= Self-care deficit nursing theory =

Allowing self-care so far as possible

The self-care deficit nursing theory is a grand nursing theory that was developed between 1959 and 2001 by Dorothea Orem. The theory is also referred to as the Orem's Model of Nursing. It is particularly used in rehabilitation and primary care settings, where the patient is encouraged to be as independent as possible.

==Central philosophy==
The nursing theory is based upon the philosophy that all "patients wish to care for themselves". They can recover more quickly and holistically if they are allowed to perform their own self-cares to the best of their ability. Orem's self-care deficit nursing theory emphasized on establishing the nursing perspectives regarding human and practice.

==Self-care requisites==
Self-care requisites are groups of needs or requirements that Orem identified. They are classified as either:
- Universal self-care requisites (needs that all people have)
- Developmental self-care requisites:
  - maturational: progress toward higher levels of maturation
  - situational: prevention of deleterious effects related to development
- Health deviation requisites: those needs that arise as a result of a patient's condition.

==Self-care deficits==
When an individual is unable to meet their own self-care requisites, a "self-care deficit" occurs.

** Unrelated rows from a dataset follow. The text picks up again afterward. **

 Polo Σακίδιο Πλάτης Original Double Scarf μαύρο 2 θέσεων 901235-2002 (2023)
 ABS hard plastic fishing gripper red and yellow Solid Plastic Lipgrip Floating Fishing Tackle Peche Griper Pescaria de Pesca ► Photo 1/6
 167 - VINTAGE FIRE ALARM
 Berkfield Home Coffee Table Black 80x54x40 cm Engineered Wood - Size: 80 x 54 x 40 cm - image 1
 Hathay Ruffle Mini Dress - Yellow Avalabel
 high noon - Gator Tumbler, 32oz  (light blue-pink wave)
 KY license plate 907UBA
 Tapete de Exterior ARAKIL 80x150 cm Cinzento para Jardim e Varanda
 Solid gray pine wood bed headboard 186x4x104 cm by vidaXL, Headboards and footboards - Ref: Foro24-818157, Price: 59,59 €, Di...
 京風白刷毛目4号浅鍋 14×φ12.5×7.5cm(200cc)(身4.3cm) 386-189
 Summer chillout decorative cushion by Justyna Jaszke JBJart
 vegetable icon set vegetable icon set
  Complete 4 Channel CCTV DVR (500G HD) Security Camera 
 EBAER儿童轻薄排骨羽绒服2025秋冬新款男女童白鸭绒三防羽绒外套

It is the job of the Registered Nurse to determine these deficits, and define a support modality.

==Support modalities==
Nurses are encouraged to rate their patient's dependencies or each of the self-care deficits on the following scale:

- Total Compensation
- Partial Compensation
- Educative/Supportive

==Universal Self-Care Requisites (SCRs)==
The Universal Self-Care Requisites that are needed for health are:

- Air
- Water
- Food
- Elimination
- Activity and Rest
- Solitude and Social Interaction
- Hazard Prevention
- Promotion of Normality

The nurse is encouraged to assign a support modality to each of the self-care requisites.